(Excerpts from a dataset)
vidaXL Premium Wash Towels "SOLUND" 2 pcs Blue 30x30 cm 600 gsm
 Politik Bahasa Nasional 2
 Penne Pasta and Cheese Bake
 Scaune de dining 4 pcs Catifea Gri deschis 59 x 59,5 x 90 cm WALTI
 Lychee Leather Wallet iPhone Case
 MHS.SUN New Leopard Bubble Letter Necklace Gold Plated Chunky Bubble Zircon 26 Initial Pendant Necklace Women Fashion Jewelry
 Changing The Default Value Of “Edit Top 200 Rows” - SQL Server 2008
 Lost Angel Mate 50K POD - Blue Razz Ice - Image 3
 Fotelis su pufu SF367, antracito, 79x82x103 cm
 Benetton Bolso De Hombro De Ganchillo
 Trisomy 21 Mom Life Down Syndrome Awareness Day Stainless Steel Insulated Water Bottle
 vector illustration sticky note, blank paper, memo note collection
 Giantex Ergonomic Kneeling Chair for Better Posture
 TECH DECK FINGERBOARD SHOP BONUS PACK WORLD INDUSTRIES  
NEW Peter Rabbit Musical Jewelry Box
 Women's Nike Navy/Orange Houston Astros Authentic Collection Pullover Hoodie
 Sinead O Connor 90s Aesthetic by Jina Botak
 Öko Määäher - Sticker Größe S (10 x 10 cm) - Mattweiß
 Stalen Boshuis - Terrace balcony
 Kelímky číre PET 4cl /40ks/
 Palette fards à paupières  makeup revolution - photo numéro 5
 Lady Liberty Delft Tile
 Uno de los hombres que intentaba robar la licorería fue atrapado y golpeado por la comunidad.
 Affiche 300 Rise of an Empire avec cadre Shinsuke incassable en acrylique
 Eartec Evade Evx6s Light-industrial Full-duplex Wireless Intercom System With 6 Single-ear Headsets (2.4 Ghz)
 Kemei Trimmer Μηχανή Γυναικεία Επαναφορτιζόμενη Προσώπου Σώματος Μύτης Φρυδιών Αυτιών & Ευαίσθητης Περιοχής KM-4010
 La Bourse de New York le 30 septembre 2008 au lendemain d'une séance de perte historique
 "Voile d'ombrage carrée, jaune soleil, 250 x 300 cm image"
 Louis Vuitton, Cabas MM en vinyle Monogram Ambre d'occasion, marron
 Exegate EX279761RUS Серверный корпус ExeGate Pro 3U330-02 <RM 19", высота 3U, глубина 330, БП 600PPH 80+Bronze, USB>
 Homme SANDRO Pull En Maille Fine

THE TASK:
Please copy the lines in the records above between the one holding "Lychee Leather Wallet iPhone Case" and the one holding "Eartec Evade Evx6s", inclusive, exactly and with no other line.

ANSWER FOR THIS EXERCISE:
 Lychee Leather Wallet iPhone Case
 MHS.SUN New Leopard Bubble Letter Necklace Gold Plated Chunky Bubble Zircon 26 Initial Pendant Necklace Women Fashion Jewelry
 Changing The Default Value Of “Edit Top 200 Rows” - SQL Server 2008
 Lost Angel Mate 50K POD - Blue Razz Ice - Image 3
 Fotelis su pufu SF367, antracito, 79x82x103 cm
 Benetton Bolso De Hombro De Ganchillo
 Trisomy 21 Mom Life Down Syndrome Awareness Day Stainless Steel Insulated Water Bottle
 vector illustration sticky note, blank paper, memo note collection
 Giantex Ergonomic Kneeling Chair for Better Posture
 TECH DECK FINGERBOARD SHOP BONUS PACK WORLD INDUSTRIES  
NEW Peter Rabbit Musical Jewelry Box
 Women's Nike Navy/Orange Houston Astros Authentic Collection Pullover Hoodie
 Sinead O Connor 90s Aesthetic by Jina Botak
 Öko Määäher - Sticker Größe S (10 x 10 cm) - Mattweiß
 Stalen Boshuis - Terrace balcony
 Kelímky číre PET 4cl /40ks/
 Palette fards à paupières  makeup revolution - photo numéro 5
 Lady Liberty Delft Tile
 Uno de los hombres que intentaba robar la licorería fue atrapado y golpeado por la comunidad.
 Affiche 300 Rise of an Empire avec cadre Shinsuke incassable en acrylique
 Eartec Evade Evx6s Light-industrial Full-duplex Wireless Intercom System With 6 Single-ear Headsets (2.4 Ghz)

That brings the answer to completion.